At National Review, Byron York tries to get to the bottom of why Romney won Michigan Republican primary. I think it has less to do with Romney's promises regarding the auto industry which I didn't hear about (or maybe didn't remember) until this morning and more about the number of and frequency of his TV commercials.
I think I've seen about 5 different Romney spots in the past month. The first commercial attacked Hillary Clinton as not having the experience to run government and noted Romney's experience as businessman, at the Olympics and as governor of Massachusetts. Another commercials touted his prolife/pro-family positions, another notes his endorsements from some Michigan newspapers, one featured a man sharing how Romney helped find his daughter in New York and another hit on Romney's Michigan roots and talked about our one-state recession.
I saw only two McCain commercials - one discussing his status as a troublemaker for Washington (noting campaign finance reform, pork-barrel spending, and his disagreement with Rumsfield's strategy) and another which shared quotes from various Michigan newspaper endorsements.
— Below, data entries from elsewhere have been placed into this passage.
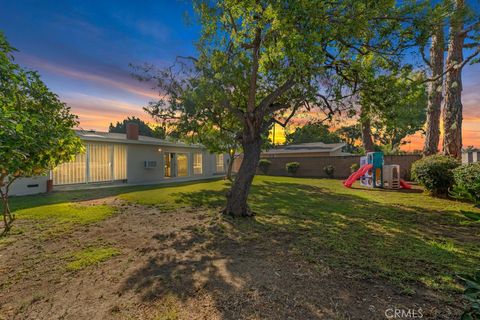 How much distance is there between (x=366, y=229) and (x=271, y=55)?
4837 mm

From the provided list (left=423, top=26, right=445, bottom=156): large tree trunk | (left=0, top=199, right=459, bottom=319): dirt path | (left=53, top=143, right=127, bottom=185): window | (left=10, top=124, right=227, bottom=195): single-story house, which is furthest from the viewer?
(left=53, top=143, right=127, bottom=185): window

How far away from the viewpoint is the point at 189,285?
3.15 metres

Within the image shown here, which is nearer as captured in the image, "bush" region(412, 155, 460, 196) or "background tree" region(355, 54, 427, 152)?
"background tree" region(355, 54, 427, 152)

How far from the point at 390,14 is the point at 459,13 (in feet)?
5.95

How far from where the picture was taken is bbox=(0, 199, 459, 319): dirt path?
2.59m

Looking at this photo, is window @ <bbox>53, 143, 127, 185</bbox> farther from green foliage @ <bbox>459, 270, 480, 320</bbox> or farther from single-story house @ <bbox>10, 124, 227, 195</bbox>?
green foliage @ <bbox>459, 270, 480, 320</bbox>

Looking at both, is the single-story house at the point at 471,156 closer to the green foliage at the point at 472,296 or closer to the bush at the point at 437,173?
the bush at the point at 437,173

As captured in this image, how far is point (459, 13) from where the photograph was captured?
568cm

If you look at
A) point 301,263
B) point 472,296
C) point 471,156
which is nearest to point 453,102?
point 471,156

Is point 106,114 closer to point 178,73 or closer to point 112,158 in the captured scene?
point 112,158

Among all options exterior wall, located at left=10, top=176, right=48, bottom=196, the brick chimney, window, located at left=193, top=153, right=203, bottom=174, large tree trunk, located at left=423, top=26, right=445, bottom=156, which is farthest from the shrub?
exterior wall, located at left=10, top=176, right=48, bottom=196

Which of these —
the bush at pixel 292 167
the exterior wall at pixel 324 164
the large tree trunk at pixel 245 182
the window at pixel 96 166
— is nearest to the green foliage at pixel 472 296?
the large tree trunk at pixel 245 182

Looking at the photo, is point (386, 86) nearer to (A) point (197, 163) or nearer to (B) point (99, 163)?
(B) point (99, 163)

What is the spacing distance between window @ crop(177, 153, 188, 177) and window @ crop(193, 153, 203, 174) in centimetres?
79
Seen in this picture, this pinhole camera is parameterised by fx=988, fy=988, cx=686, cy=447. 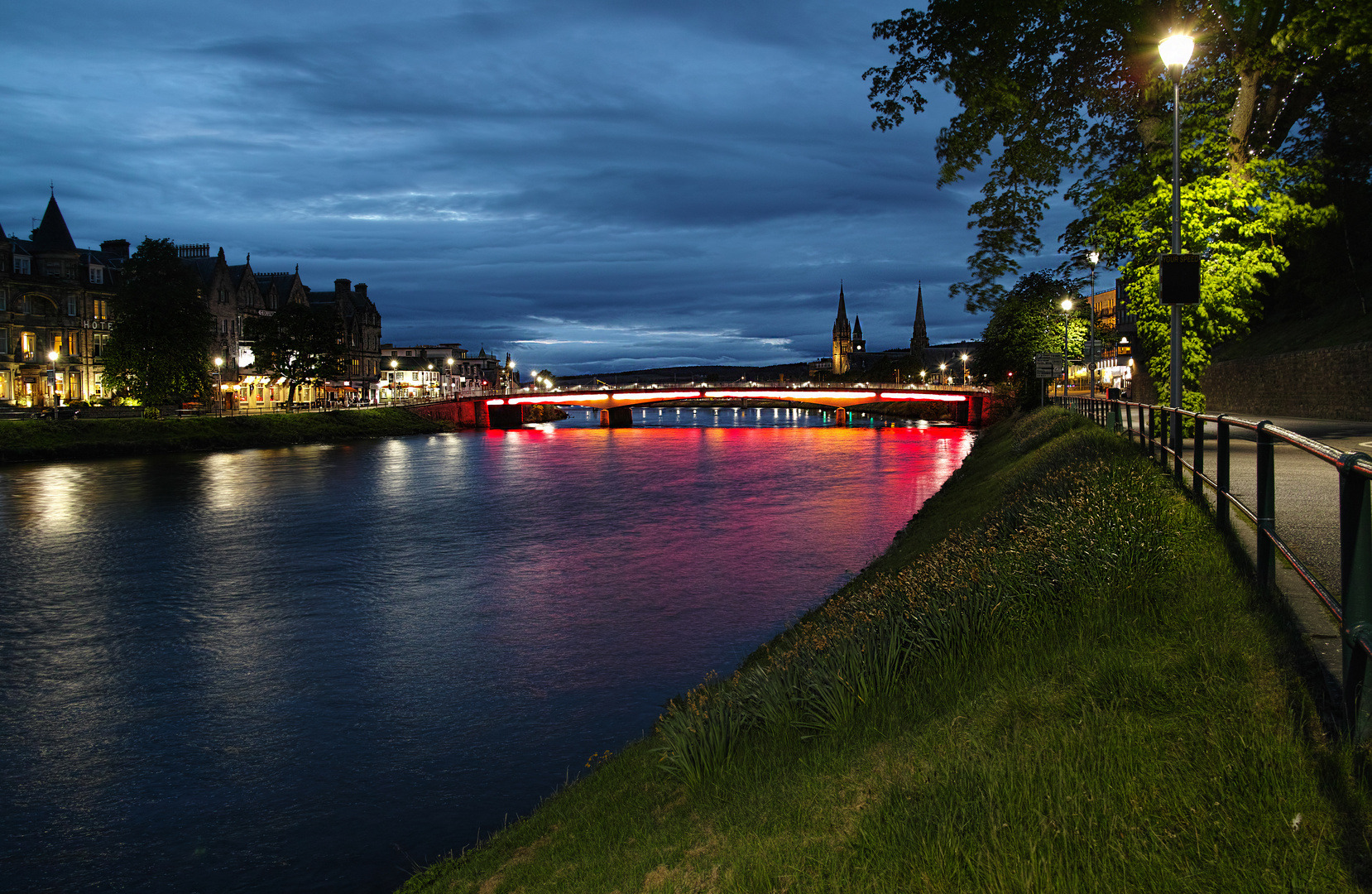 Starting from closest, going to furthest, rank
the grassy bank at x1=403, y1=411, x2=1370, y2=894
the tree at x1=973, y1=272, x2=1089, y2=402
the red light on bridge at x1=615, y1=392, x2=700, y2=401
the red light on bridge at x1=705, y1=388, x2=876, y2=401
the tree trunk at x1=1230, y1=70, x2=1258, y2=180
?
the grassy bank at x1=403, y1=411, x2=1370, y2=894
the tree trunk at x1=1230, y1=70, x2=1258, y2=180
the tree at x1=973, y1=272, x2=1089, y2=402
the red light on bridge at x1=705, y1=388, x2=876, y2=401
the red light on bridge at x1=615, y1=392, x2=700, y2=401

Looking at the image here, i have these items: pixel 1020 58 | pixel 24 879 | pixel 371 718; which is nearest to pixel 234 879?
pixel 24 879

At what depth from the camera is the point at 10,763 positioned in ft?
43.4

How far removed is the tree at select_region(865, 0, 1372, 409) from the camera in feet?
64.1

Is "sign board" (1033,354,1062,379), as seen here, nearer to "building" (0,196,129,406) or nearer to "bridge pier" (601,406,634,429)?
"building" (0,196,129,406)

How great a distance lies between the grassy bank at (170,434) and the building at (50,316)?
1038cm

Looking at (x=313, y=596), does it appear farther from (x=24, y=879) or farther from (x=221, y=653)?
(x=24, y=879)

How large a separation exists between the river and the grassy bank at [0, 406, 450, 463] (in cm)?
1589

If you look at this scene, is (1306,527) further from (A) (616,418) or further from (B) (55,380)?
(A) (616,418)

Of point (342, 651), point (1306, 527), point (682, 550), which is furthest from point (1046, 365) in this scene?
point (1306, 527)

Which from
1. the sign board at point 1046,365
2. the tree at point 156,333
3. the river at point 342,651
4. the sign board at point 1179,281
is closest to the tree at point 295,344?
the tree at point 156,333

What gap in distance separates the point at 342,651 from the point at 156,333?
208ft

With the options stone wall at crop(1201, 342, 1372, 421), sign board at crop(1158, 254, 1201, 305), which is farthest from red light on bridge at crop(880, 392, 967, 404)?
sign board at crop(1158, 254, 1201, 305)

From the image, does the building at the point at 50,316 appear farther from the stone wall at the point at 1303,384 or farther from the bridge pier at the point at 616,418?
the stone wall at the point at 1303,384

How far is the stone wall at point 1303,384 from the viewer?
34562mm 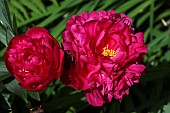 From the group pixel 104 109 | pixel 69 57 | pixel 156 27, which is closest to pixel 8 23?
pixel 69 57

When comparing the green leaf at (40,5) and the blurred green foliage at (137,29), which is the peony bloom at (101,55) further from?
the green leaf at (40,5)

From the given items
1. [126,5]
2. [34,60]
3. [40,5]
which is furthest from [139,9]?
[34,60]

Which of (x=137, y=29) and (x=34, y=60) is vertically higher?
(x=34, y=60)

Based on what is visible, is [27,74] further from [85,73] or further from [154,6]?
[154,6]

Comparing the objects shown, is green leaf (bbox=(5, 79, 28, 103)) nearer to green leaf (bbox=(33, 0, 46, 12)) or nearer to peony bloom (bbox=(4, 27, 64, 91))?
peony bloom (bbox=(4, 27, 64, 91))

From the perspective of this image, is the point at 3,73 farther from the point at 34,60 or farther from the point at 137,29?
the point at 137,29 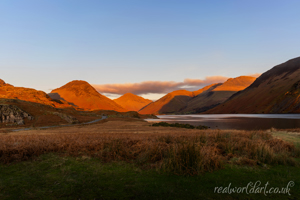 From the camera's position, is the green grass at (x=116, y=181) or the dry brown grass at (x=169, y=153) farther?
the dry brown grass at (x=169, y=153)

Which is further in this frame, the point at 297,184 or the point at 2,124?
the point at 2,124

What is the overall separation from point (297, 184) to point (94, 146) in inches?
414

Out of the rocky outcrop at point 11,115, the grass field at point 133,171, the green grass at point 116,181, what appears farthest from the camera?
the rocky outcrop at point 11,115

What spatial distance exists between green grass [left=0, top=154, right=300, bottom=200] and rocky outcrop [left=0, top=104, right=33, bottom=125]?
4450 cm

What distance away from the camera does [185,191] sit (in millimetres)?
6074

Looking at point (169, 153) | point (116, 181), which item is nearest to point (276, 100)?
point (169, 153)

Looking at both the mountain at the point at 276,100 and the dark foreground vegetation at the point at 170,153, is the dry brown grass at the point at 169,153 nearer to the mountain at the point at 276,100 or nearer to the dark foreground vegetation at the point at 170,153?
the dark foreground vegetation at the point at 170,153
McCain's commercials aired fairly frequently but not as often as Romney's.
Huckabee had a single commercial which I saw around 5 times which discussed his prolife/pro-family beliefs. I probably saw a commercial from the Club for Growth which attacked Huckabee's record on taxes as many times (if not more) as I saw Huckabee's ad.
Romney appealed to differing segments of Michigan's population, McCain appealed to individuals with independent streaks and Huckabee appealed to socially conservatives voters.
With those kind of appeals, these kinds of results aren't that surprising. Romney's support was broad-based, McCain won among individuals who are independents and Democrats, don't attend church, have no religion, are dissatisfied with Bush and Huckabee did well with individuals who attend church often and think the religious beliefs of a candidate matter a great deal.